Judgment usually comes down to us wanting to filter the world through rigid, clear categories which rarely exist. There’s zonin in the wheat field and we might not be the best determinants of what is what and of what should happen to the field anyway.

Assuming we know teleological purposes might be a fruitless conjecture and the projection of all that is wrong on all of the people we don’t like may be the most damning experience of all.

For example, the person of government suspicion writing about the non-existence of God in comparison to the one who took up the task of being poor and healing diseases: which is wheat and which is weeds? Or the divorced addict with the out-of-wedlock child in comparison to the generous parent of an abandoned child: which is wheat and which is weeds?

The problem is that it is a trick question. Because in both of those examples, I am actually describing the same person.

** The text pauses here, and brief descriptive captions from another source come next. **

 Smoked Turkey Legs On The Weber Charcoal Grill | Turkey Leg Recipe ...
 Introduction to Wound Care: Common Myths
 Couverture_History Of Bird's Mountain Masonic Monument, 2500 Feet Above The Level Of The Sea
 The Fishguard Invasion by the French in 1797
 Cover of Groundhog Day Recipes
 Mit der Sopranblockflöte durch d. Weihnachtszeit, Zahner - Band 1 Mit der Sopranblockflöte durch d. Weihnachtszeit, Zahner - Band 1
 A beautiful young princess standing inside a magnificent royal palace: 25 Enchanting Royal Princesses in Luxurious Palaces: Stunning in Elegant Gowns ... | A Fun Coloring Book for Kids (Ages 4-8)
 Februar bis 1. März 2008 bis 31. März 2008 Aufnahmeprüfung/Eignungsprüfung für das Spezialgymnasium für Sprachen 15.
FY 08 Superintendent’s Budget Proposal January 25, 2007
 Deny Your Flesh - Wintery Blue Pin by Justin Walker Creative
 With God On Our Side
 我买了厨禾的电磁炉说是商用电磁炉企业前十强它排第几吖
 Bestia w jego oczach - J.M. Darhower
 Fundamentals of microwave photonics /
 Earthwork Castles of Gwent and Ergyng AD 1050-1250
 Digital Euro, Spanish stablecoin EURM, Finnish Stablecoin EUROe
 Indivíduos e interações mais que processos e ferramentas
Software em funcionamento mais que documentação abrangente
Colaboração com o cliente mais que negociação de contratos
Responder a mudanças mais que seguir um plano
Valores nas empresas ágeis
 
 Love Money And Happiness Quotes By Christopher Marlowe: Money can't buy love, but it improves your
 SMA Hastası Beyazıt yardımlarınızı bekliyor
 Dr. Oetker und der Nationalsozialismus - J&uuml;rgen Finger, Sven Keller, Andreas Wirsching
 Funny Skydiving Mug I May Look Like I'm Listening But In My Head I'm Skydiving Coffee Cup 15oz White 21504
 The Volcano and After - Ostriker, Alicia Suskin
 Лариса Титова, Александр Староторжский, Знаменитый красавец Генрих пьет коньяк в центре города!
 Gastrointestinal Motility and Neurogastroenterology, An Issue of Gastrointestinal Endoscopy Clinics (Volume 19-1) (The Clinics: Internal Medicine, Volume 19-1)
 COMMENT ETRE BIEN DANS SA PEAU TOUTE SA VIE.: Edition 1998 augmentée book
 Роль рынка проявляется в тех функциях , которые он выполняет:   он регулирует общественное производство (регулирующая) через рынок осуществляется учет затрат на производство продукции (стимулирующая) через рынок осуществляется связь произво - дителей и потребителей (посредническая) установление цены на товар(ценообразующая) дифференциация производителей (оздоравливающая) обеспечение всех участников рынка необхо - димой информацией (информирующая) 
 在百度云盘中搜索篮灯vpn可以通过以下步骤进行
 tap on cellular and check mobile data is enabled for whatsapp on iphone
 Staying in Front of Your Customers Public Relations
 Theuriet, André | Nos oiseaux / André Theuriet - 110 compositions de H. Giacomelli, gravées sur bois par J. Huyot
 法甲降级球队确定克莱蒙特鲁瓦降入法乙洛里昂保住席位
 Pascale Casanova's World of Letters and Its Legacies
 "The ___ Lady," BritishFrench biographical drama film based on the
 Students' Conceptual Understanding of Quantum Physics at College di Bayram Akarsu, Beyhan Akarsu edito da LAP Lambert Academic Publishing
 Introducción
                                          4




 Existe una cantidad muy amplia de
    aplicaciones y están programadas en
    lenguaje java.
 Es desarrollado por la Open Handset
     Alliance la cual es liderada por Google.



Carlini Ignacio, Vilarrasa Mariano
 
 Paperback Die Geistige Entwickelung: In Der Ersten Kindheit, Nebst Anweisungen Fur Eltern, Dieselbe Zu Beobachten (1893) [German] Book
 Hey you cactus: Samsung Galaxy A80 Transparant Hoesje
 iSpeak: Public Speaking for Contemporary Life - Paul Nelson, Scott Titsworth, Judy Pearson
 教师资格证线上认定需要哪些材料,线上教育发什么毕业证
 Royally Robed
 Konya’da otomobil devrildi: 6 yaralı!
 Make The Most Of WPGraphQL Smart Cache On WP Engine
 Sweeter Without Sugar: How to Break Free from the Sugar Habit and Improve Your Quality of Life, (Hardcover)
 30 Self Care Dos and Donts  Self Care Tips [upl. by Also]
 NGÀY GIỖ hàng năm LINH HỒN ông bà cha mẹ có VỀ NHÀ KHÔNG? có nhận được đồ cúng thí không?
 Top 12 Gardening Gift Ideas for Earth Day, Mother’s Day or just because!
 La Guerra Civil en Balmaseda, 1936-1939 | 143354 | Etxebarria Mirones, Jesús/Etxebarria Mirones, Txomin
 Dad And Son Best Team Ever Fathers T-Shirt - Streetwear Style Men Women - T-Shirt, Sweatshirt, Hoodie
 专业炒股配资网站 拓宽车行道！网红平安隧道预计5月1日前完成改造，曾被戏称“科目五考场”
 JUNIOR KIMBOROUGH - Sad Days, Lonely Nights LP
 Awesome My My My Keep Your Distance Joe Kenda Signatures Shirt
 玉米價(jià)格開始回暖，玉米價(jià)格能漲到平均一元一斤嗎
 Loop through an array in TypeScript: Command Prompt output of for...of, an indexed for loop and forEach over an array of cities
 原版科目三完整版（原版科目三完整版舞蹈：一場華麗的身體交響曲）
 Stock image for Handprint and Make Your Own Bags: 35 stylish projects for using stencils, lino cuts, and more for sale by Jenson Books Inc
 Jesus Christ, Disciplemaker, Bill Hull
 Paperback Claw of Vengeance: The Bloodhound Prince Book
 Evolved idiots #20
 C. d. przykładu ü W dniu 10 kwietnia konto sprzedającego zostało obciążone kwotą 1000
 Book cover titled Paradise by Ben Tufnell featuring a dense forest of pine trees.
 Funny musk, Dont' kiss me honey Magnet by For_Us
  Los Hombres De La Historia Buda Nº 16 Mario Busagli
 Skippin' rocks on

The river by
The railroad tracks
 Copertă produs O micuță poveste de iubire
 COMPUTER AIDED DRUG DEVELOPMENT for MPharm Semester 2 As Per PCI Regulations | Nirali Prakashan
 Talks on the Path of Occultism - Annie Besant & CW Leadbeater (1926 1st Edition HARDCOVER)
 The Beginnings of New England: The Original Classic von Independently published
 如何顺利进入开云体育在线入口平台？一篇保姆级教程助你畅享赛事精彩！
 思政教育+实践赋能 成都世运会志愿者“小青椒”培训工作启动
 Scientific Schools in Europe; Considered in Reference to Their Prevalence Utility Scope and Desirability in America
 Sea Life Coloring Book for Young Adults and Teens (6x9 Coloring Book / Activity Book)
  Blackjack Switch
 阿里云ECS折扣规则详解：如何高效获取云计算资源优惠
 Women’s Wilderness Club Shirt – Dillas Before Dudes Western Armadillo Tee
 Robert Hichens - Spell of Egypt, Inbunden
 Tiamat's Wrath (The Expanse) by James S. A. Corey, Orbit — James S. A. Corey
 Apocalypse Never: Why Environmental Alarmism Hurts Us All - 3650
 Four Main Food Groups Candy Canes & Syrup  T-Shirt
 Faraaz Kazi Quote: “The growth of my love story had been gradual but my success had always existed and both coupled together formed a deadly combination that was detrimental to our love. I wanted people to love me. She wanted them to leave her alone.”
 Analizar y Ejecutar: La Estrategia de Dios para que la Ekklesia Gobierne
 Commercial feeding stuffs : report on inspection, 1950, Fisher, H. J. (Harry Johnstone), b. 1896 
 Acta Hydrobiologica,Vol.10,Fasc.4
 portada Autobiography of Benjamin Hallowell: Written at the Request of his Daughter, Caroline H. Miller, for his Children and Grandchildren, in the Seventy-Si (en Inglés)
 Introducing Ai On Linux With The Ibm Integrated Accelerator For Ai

What if the situation with the wheat field is not only convoluted because we do not know the purpose of the field nor do we have the capability of determining wheat and weeds but also because when we look closely at the human person and the world we live in, the field is actually all of us? We are the slave working the field and the field is our life.

What if the wheat and the weeds are the same person?

Why does God let those plants grow together? Because we are all wheat and we are all weeds. We may want God’s judgment to run rampant, but our discernment is weak and, in the end, we may not see that we are talking about ourselves.

The invitation of Jesus’ parable may be to see that this is us, too. Desiring judgment on anything that doesn’t meet certain requirements may result in all of us being out.

Within the trajectory of the cosmos, it may also be true that the outcome of one part of the field will also be the outcome of all. We ought not to celebrate another’s destruction because the destruction of one part of the field implies a loss to the field as a whole. Why would we want someone to be out? If but one loses, we all lose. If but one doesn’t come to the party, the party is less of a party. And if the qualification of attendance is that everyone be like you, then you will be a bit lonely at a table for one.

The hope, then, is that when the field is collected, the enduring judgment of God will match the hope of God evident throughout the entire Biblical narrative — that there will be no bundles left to burn. The hope is that the qualifications of wheat have less to do with us and more to do with the character of God. The real question is whether God can make wheat out of weeds.

The whole field needs healed and the hope, at least for someone like me, is that the wheat will take over. And that’s the beauty of grace. Grace is not something you get because you are good. Grace is something we already have because God is good.

I can only hope that this is what God will do with the field; which begins by admitting that I won’t be the one to make the decision.

Judgment is not my responsibility.

The world is complicated and can’t be split up so easily.

And the hope of judgment is that God will do with everything that I need God to do with me.

Until then, my only job is to endure the world today and move toward the world as it will be in the end.